A Flight of Angels by Rebecca Guay (illustrator)
Stories by Holly Black, Bill Willingham, Alisa Kwitney, Louise Hawes and Todd Mitchell
An angel has fallen. Led by their insatiable curiosity, the hosts of fae have followed the descent of the white-winged creature and now gather around his still-breathing body to decide what to do with him. They decide to hold a trial, and present evidence in the form of stories about the deeds of angels to decide whether or not to let him live.
I am fairly new to reading graphic novels, so I do not know how original the conceit is of having multiple authors work on the same novel, but here it works splendidly. Each author is responsible for a different angel story, told by a different fae, which accounts for differences in tone. Holly Black is excellent as usual in creating the frame for the story, and each additional story adds to the mystique that surrounds these winged creatures, pulling from multiple traditions to round out the picture of creatures that can be perfection or demonic, or both in turns, or at the same time.
While the stories are well done, especially “Original Sin” by Louise Hawes, where this book excels is in the lush, detailed illustrations of Rebecca Guay. The cover art has echoes of Klimt’s The Kiss, and the interior work changes styles to match the stories, from overwhelming sensuality in the Garden of Eden, to the harsher lines of the Russian mountains, to the sketched-in mysteriousness of the fae council. Expertly designed marginalia separate out the stories from the tellers, and artwork that bleeds through the gutter gives a sense of time and history to the panels.
While not everyone enjoys graphic novels, if you are a fan of faery tales and angels, A Flight of Angels is a book that will delight you. The art and the story work expertly together to tell a story of heart-wrenching beauty that also causes the reader to question what it is that they know about angels, and leaves the reader with a sense of deeper truths that will be reflected on time and again.
~Ruth Arnell
There’s truly nothing I love more than the melding of Biblical lore with dark fairy tales, and so A Flight of Angels (2011) came to me like a personalized gift. There are contributions by authors Holly Black, Bill Willingham, Alisa Kwitney, Louise Hawes and Todd Mitchell, but it’s illustrator Rebecca Guay who really brings the whole project to beautiful life.
A graphic novel that contains several stories involving angels and the fair folk, it begins with a framing device in which a motley group of fairies (an old hag, a noble courtier, a beautiful nymph, a fox-headed intellectual, a tiny gnome, and a goat-legged slave) discover an unconscious angel on the forest floor. They hold a tribunal in order to figure out what to do with him, and each gets the chance to tell a story that will decide the angel’s fate.
There’s one about an angel who can’t seem to do anything right, another about an angel that falls in love with a mortal woman, a retelling of the story of Adam and Eve, an explanation as to where fairies came from, and a folktale about the angel of death and his agreement with the oldest woman alive.
Rebecca Guay changes her style for each tale: watercolours for the love story, woodcuts for the tale of a woman who defies the angel of death — it’s all beautifully done, and you could pore over each page for hours, admiring the colours and images.
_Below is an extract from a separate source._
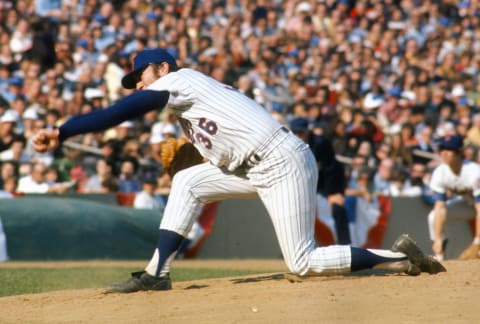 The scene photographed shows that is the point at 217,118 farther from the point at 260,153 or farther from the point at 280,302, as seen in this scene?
the point at 280,302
The stories too are thought-provoking and intriguing; like I said, I’m a sucker for melding folklore with Bible stories, and this delivers in abundance.
I checked out A Flight of Angels from my local library, but I just may have to purchase it so I have a copy all my own.
~Rebecca Fisher
This sounds like a good one!
I love, love, love Rebecca Guay’s work, having seen it in Louise Hawes’s Black Pearls (which I enthusiastically recommend for both the stories and illustrations).
Thank you for the solid review–I hadn’t heard of this book until just now. Certainly sounds worth picking up!